Supplied records section start

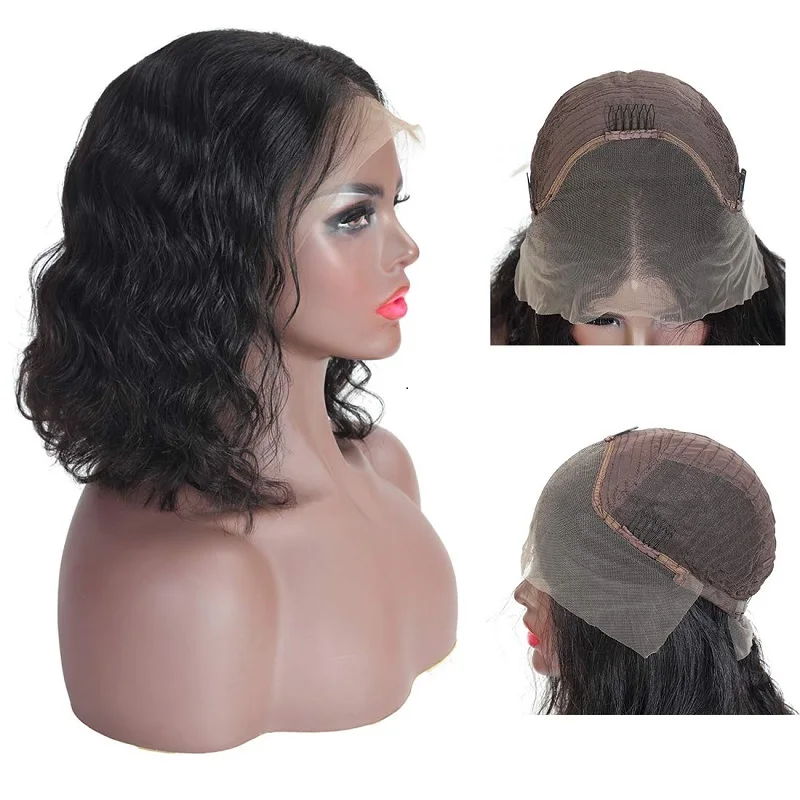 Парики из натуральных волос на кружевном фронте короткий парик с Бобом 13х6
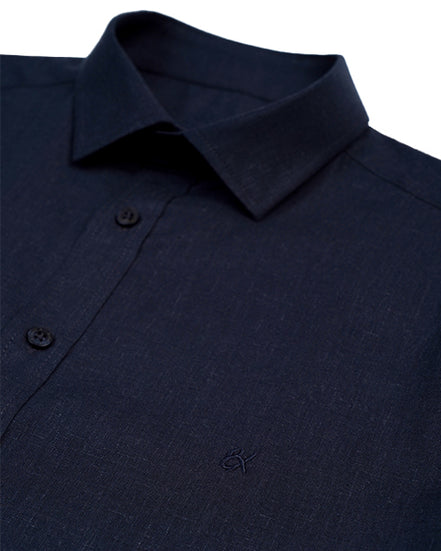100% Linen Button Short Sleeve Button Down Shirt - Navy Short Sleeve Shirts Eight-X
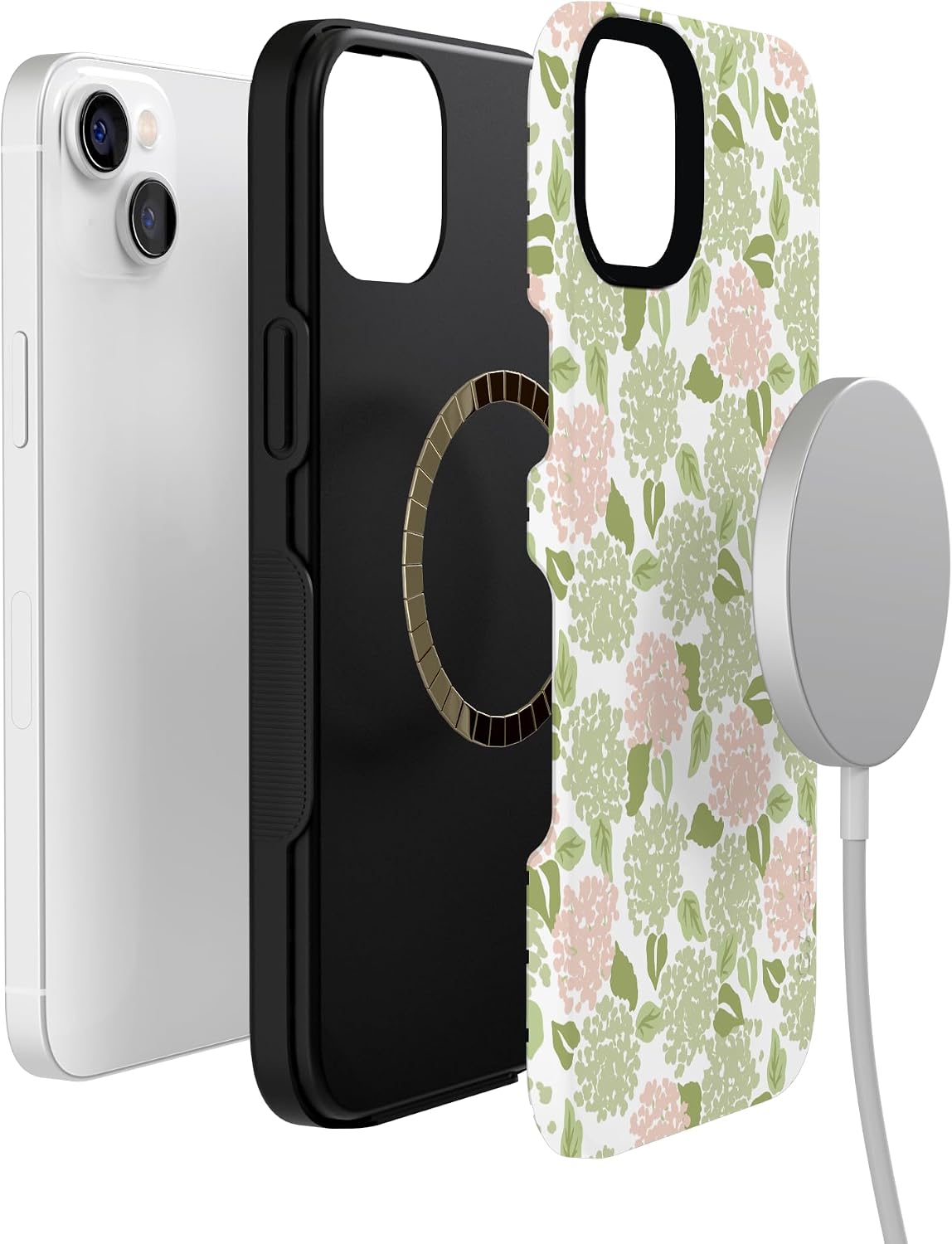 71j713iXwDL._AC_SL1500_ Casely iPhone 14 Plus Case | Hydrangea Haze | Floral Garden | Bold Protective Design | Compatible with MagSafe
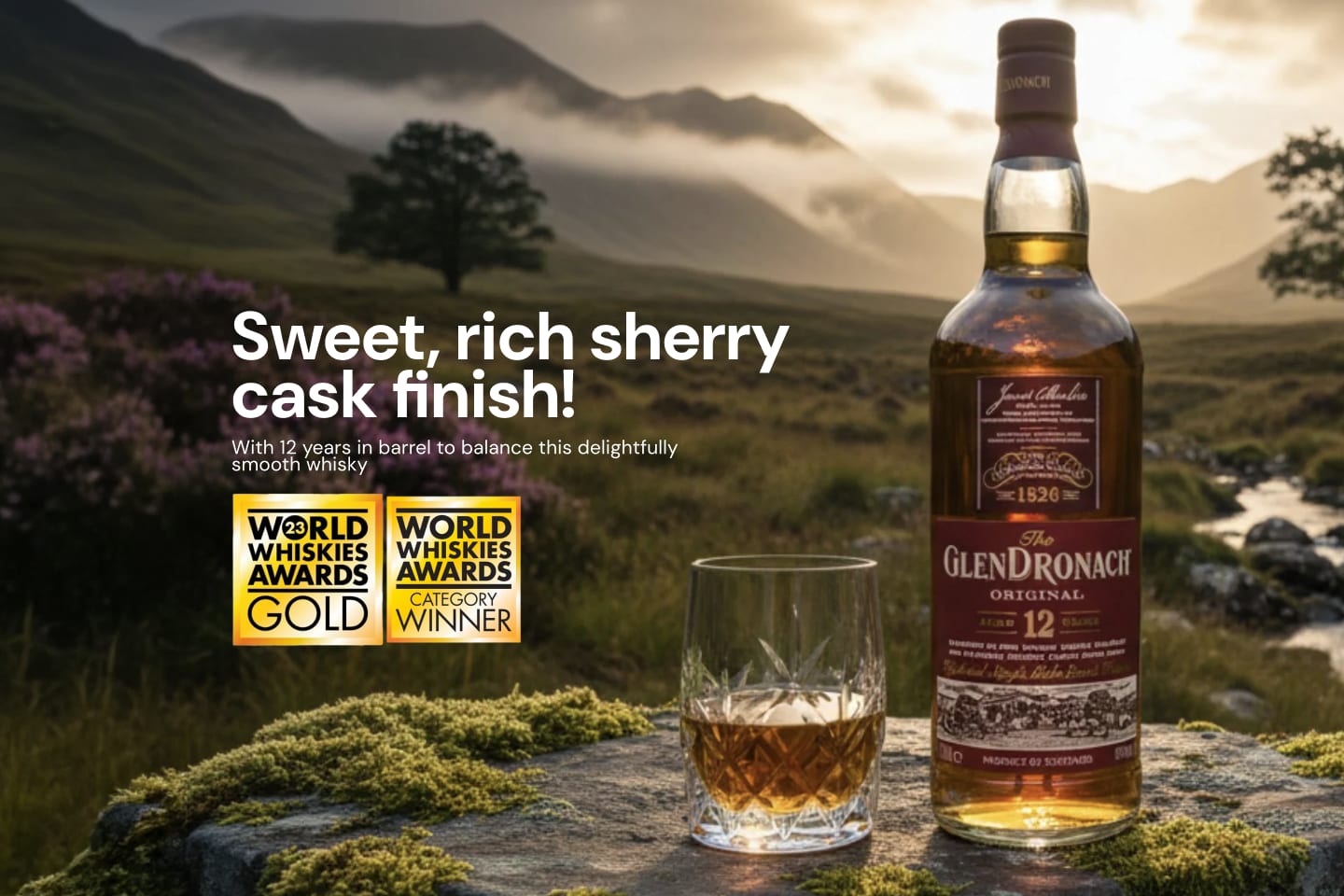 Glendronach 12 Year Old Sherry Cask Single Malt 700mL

Supplied records section end
Supplied records section start

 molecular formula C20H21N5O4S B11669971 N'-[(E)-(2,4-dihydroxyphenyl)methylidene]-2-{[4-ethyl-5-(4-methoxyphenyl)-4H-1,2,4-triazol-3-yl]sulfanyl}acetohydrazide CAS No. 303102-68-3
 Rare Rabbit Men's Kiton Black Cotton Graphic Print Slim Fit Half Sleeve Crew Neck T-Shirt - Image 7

Supplied records section end
Supplied records section start

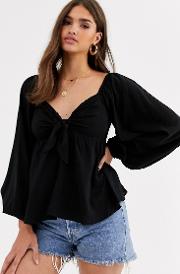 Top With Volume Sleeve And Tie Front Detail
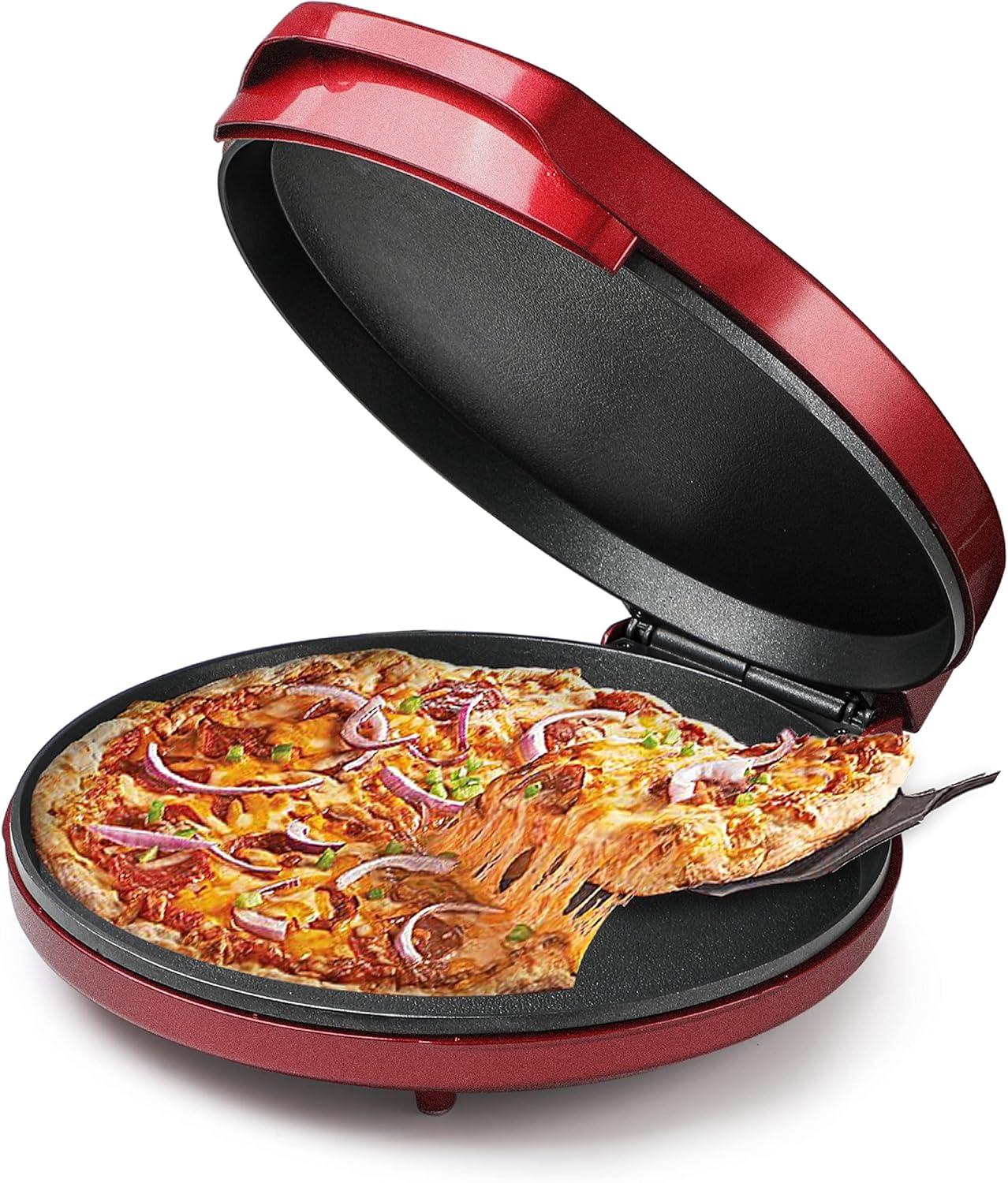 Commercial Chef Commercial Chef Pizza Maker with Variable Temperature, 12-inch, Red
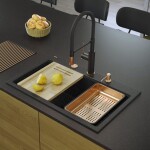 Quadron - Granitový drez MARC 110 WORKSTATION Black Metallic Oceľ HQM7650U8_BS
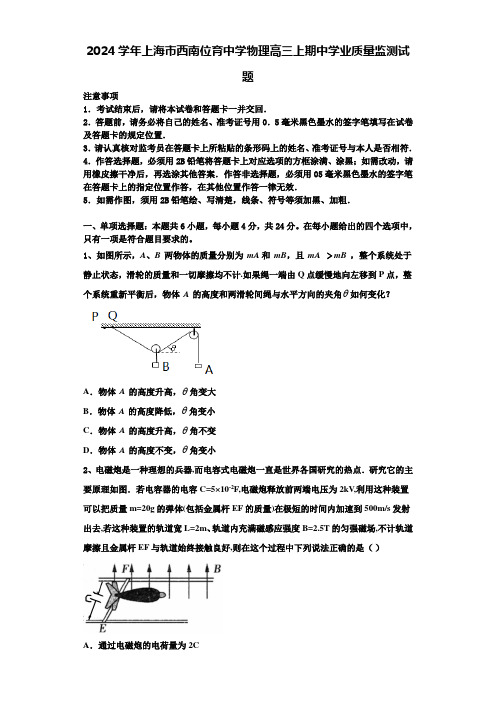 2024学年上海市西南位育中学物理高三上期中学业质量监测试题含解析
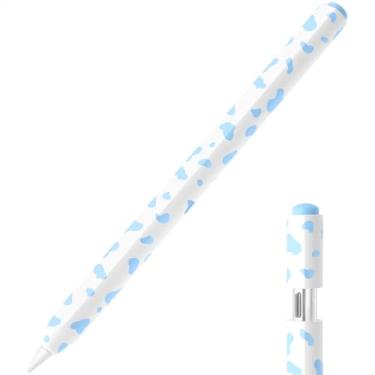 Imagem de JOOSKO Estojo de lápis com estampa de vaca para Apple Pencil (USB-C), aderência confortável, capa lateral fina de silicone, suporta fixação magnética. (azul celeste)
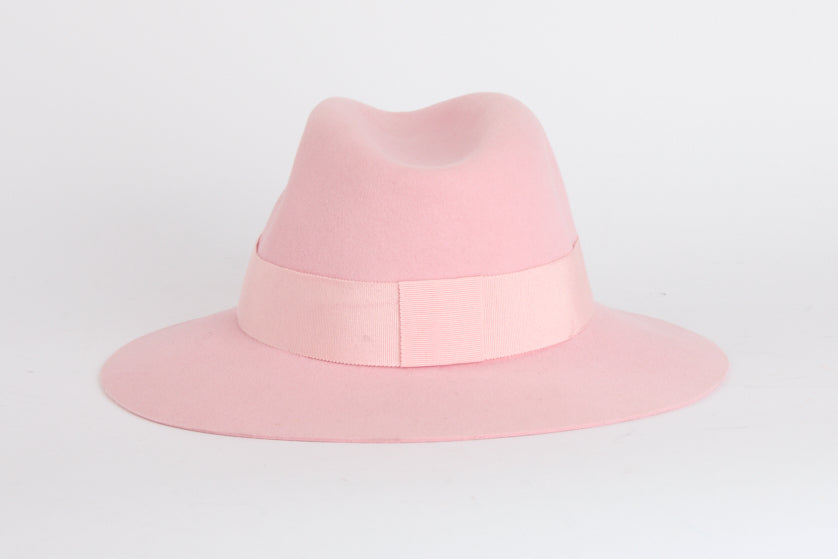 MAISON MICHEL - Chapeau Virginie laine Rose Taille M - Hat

Supplied records section end

• **Assignment**: Take the entries above and return only the lines from the one with "molecular formula C20H21N5O4S" to the one with "Rare Rabbit Men's", both included, unchanged.

• **Exercise response**:
 molecular formula C20H21N5O4S B11669971 N'-[(E)-(2,4-dihydroxyphenyl)methylidene]-2-{[4-ethyl-5-(4-methoxyphenyl)-4H-1,2,4-triazol-3-yl]sulfanyl}acetohydrazide CAS No. 303102-68-3
 Rare Rabbit Men's Kiton Black Cotton Graphic Print Slim Fit Half Sleeve Crew Neck T-Shirt - Image 7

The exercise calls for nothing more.